Cinema snacks: a view to a killing

Two buckets of popcorn. Photo: Alamy

Perhaps it had to happen eventually. Joshua Thompson, a Michigan “security technician” furious at being prohibited from carrying his own food and drink into the cinema, last week filed a class action against a large American cinema chain. His lawyer claims that for AMC to charge around $8 for a Coke and some chocolate-covered peanuts amounts to price gouging. A professor of business law at Eastern Michigan University has called the suit “a loser”, but Thompson is not the only cineaste horrified by the price of snacks.

From a business point of view, cinemas are only partly about films. “When we bought [Odeon],” Guy Hands of private equity group Terra Firma famously said, “the management team really believed they were part of the film business. I had the difficult job of explaining to them that they were in the popcorn-selling business.”

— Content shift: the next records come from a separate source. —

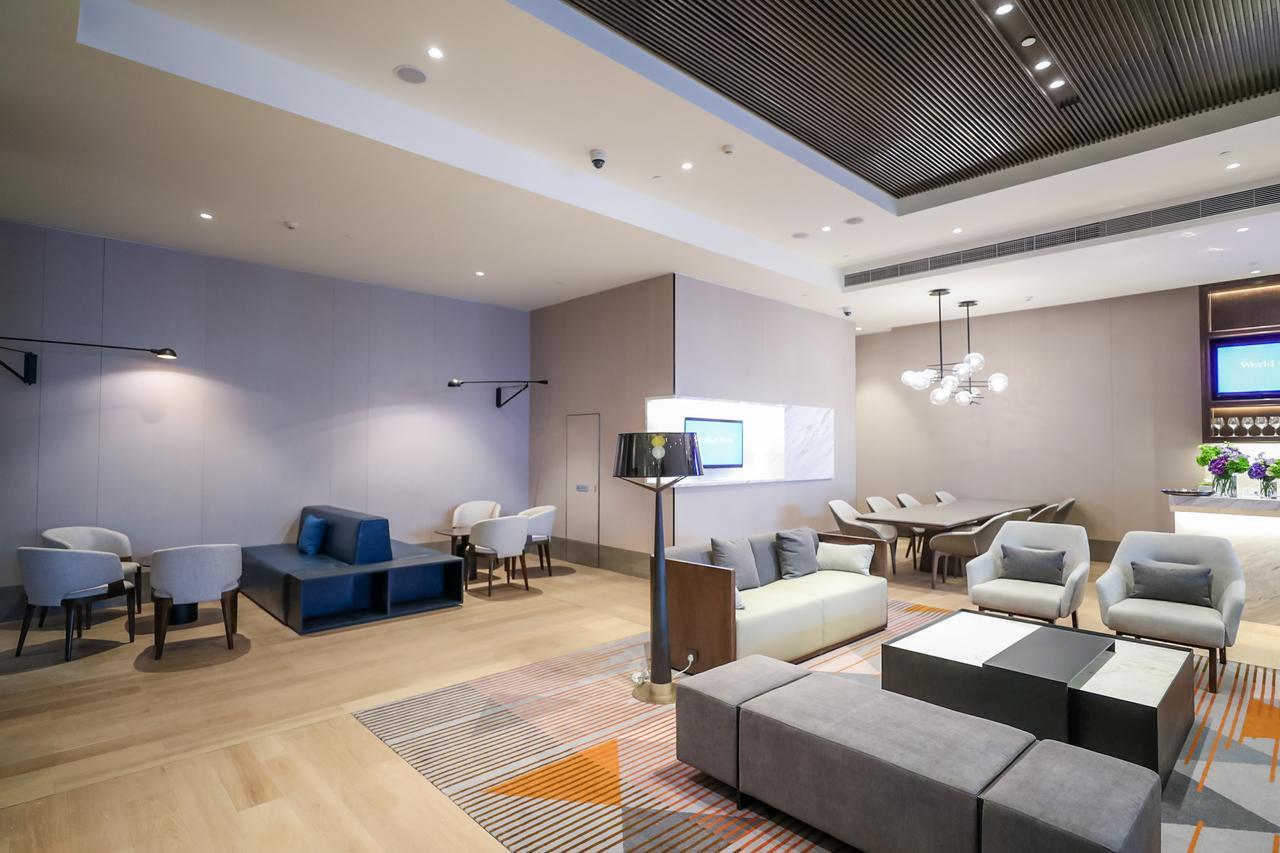 Hyatt Place Shanghai Tianshan Plaza Dış mekan fotoğraf
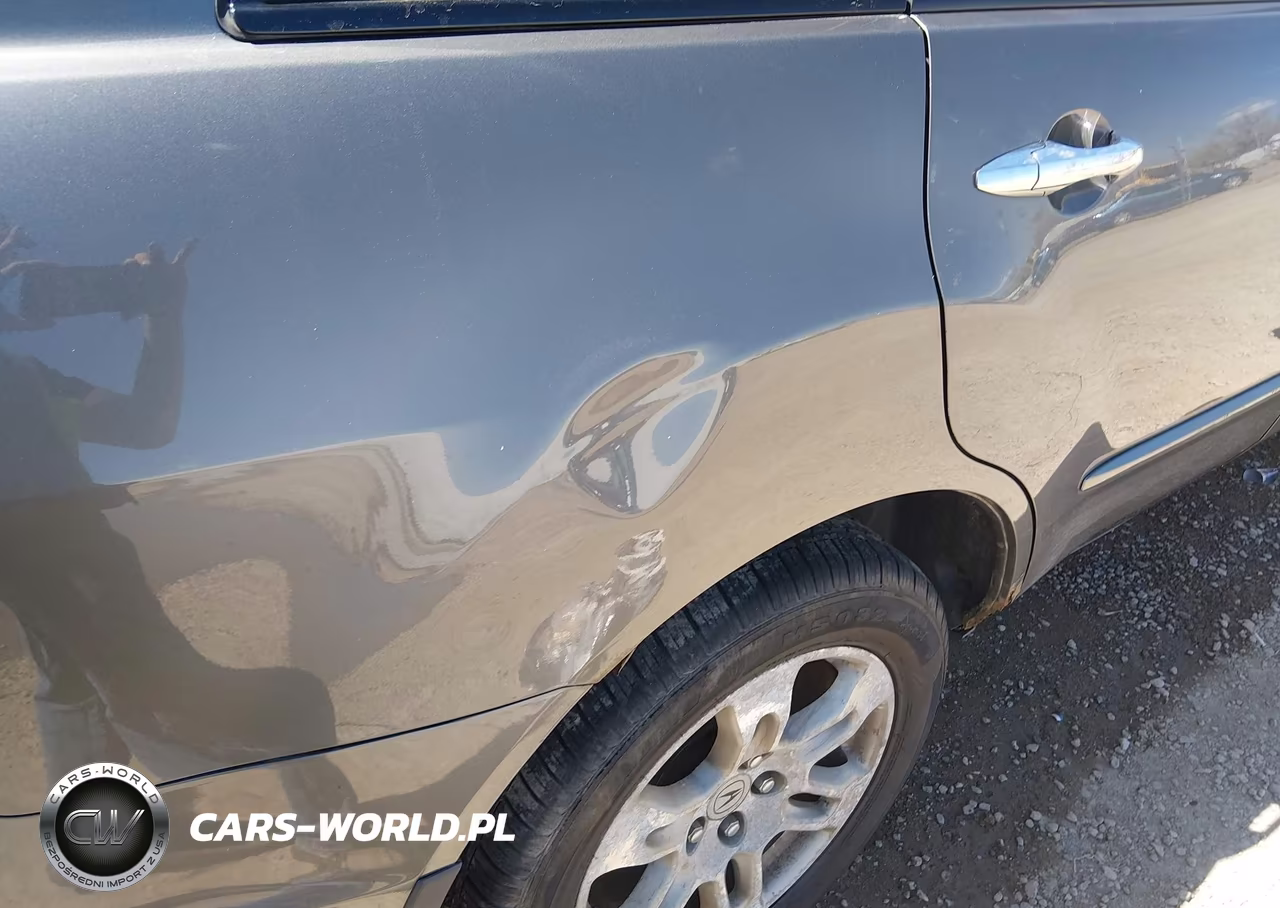 2007 Acura Mdx Technology Package VIN:2HNYD283X7H506873 - 17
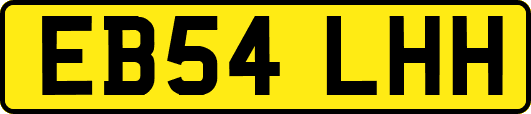 EB54LHH
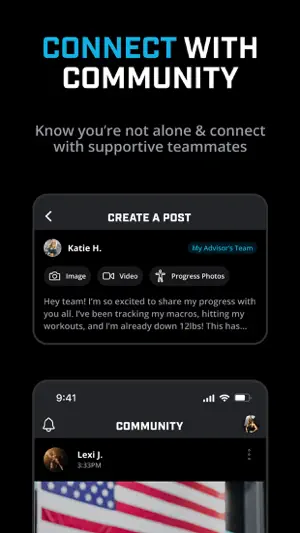 1st Phorm screenshot 7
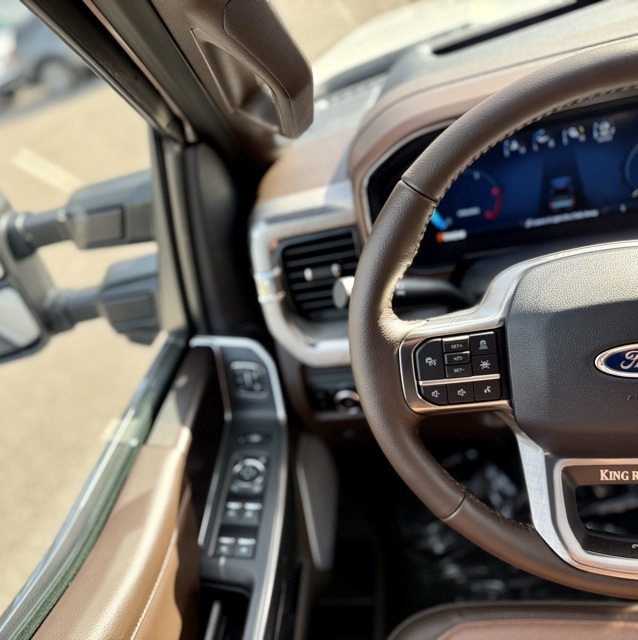 2026 Ford F-350 King Ranch photo 22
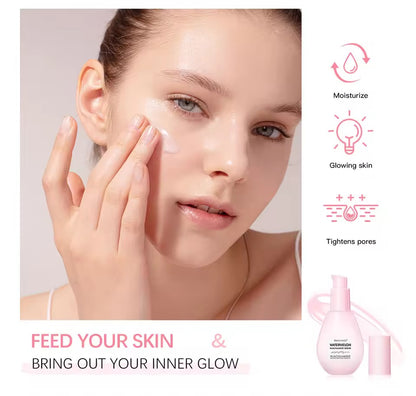 Glow Watermelon Niacinamide Dew Drops Serum 75ml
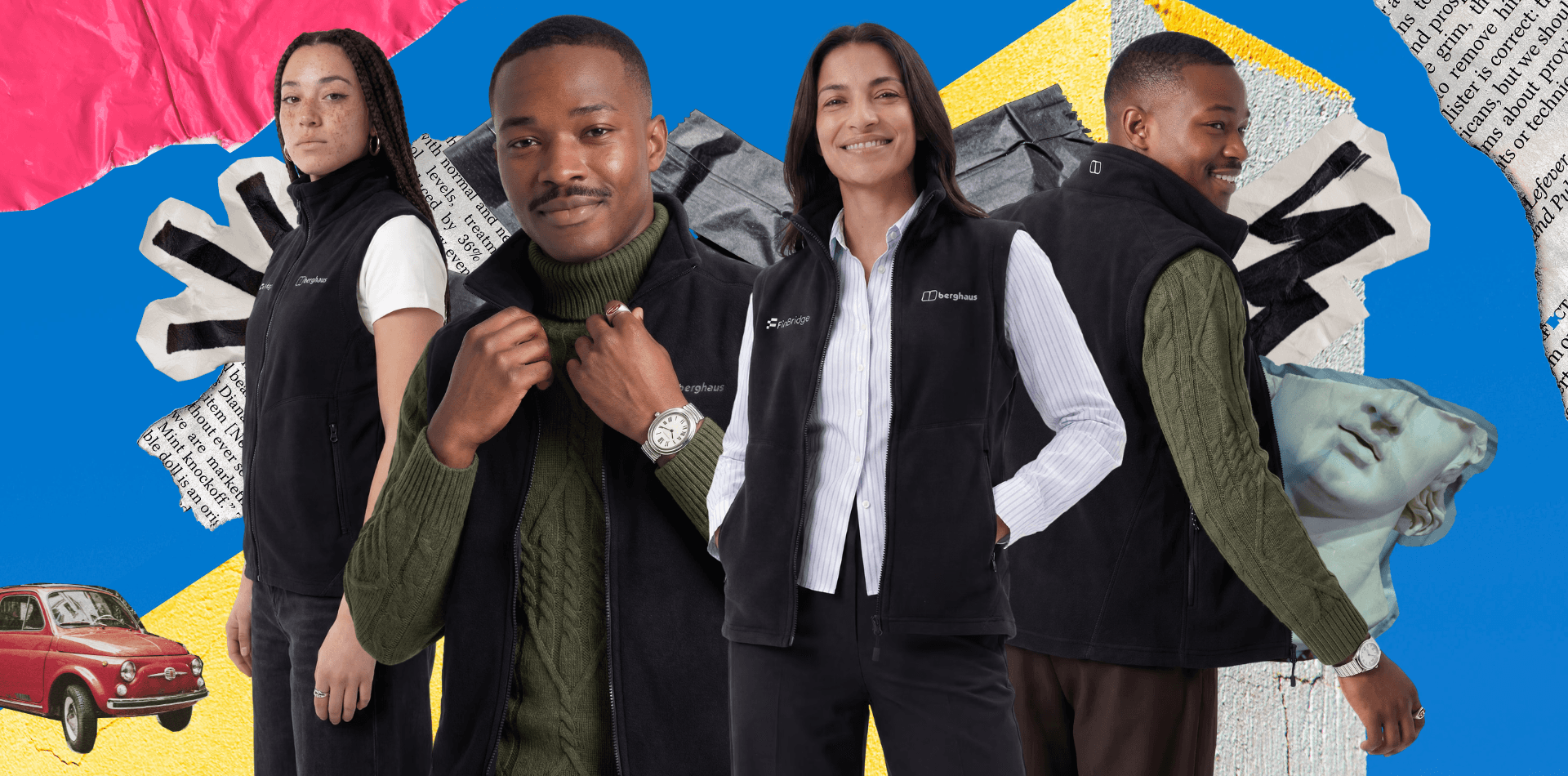 Berghaus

Cinemas are obliged to split money from ticket sales with the film studios, but get to keep almost all the cash they make from selling food. That means that the “concessions” (popcorn, sweets and the like) make up 20% of a cinema’s revenue but 40% of its profits. A box of popcorn is around 85% profit to the cinema, and salty foods of course encourage people to buy more soft drinks, increasing receipts further. “Without the hefty concession profits,” declared an article in Time a few years ago, “there would be no movie theater business”.